Records provided:
========================================================================

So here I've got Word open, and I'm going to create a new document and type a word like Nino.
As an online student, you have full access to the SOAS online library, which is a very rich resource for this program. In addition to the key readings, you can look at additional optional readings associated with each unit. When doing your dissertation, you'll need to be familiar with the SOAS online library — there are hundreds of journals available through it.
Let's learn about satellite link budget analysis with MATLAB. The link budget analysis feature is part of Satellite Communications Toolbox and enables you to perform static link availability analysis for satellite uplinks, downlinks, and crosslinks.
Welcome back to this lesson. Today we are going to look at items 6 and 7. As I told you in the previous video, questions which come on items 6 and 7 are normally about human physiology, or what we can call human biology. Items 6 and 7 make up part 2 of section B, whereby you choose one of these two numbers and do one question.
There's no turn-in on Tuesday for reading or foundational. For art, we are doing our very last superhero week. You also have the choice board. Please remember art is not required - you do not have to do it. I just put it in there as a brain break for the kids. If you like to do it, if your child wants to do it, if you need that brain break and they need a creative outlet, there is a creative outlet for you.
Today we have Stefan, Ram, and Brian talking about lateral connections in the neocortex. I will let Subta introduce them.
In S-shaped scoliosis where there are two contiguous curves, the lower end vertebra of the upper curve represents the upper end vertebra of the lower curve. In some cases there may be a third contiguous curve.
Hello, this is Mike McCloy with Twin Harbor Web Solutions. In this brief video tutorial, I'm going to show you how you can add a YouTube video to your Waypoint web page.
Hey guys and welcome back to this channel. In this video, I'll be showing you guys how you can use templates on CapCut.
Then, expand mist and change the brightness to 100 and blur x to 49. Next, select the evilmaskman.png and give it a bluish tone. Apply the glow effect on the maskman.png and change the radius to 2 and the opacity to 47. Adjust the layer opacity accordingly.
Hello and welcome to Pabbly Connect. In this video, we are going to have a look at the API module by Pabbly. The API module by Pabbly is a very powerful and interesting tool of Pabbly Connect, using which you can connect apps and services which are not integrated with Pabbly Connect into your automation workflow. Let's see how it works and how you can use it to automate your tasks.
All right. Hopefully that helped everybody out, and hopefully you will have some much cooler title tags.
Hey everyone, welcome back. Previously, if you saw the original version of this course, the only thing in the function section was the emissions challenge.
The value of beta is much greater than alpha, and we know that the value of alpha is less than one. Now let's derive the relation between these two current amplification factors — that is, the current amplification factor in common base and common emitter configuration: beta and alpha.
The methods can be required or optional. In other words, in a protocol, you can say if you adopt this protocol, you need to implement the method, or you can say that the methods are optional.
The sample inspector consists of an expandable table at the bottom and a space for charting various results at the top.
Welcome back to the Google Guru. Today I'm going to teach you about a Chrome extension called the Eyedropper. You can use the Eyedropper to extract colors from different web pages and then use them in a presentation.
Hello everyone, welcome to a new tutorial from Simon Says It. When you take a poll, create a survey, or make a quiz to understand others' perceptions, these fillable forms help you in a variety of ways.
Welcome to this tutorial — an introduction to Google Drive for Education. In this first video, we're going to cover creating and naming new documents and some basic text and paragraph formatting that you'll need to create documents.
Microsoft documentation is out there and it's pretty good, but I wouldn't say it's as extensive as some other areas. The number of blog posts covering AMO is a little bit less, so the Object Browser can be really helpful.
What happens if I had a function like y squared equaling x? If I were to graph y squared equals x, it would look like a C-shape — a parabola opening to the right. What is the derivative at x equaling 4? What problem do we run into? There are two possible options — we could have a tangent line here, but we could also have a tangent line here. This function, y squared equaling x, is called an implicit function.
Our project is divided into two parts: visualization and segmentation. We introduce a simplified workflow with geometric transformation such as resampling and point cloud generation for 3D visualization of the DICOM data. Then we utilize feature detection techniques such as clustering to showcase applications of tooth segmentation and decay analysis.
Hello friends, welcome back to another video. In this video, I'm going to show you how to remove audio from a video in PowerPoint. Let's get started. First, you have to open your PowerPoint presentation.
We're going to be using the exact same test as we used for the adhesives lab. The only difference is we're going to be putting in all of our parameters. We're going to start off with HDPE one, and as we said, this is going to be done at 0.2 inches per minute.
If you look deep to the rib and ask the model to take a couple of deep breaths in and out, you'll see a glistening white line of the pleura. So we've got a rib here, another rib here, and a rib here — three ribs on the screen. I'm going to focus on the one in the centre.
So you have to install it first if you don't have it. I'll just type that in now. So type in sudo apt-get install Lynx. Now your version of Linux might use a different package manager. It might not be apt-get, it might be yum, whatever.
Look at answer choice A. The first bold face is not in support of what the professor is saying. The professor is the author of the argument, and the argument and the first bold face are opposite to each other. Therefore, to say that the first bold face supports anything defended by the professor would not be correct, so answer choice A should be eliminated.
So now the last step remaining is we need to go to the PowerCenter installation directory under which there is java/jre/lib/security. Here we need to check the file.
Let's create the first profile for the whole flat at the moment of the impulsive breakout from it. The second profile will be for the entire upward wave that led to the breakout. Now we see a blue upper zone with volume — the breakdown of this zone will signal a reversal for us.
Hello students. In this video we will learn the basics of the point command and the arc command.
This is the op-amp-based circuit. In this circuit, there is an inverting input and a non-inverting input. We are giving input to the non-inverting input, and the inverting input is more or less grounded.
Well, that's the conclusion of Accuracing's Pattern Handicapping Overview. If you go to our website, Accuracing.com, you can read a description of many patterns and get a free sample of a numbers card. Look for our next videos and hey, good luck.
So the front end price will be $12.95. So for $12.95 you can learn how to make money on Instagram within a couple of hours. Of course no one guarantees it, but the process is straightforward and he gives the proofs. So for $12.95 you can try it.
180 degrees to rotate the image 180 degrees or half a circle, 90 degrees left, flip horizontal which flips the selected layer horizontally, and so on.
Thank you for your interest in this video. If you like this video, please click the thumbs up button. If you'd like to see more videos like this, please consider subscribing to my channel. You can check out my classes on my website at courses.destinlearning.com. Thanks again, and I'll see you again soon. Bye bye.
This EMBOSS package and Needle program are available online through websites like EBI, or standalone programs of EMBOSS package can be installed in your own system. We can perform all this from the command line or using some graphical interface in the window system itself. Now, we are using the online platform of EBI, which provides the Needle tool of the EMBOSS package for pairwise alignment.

========================================================================

Task item: Take the listing above from its first line through the line containing "There's no turn-in", and transcribe that stretch exactly, with no other lines.

Solution:
So here I've got Word open, and I'm going to create a new document and type a word like Nino.
As an online student, you have full access to the SOAS online library, which is a very rich resource for this program. In addition to the key readings, you can look at additional optional readings associated with each unit. When doing your dissertation, you'll need to be familiar with the SOAS online library — there are hundreds of journals available through it.
Let's learn about satellite link budget analysis with MATLAB. The link budget analysis feature is part of Satellite Communications Toolbox and enables you to perform static link availability analysis for satellite uplinks, downlinks, and crosslinks.
Welcome back to this lesson. Today we are going to look at items 6 and 7. As I told you in the previous video, questions which come on items 6 and 7 are normally about human physiology, or what we can call human biology. Items 6 and 7 make up part 2 of section B, whereby you choose one of these two numbers and do one question.
There's no turn-in on Tuesday for reading or foundational. For art, we are doing our very last superhero week. You also have the choice board. Please remember art is not required - you do not have to do it. I just put it in there as a brain break for the kids. If you like to do it, if your child wants to do it, if you need that brain break and they need a creative outlet, there is a creative outlet for you.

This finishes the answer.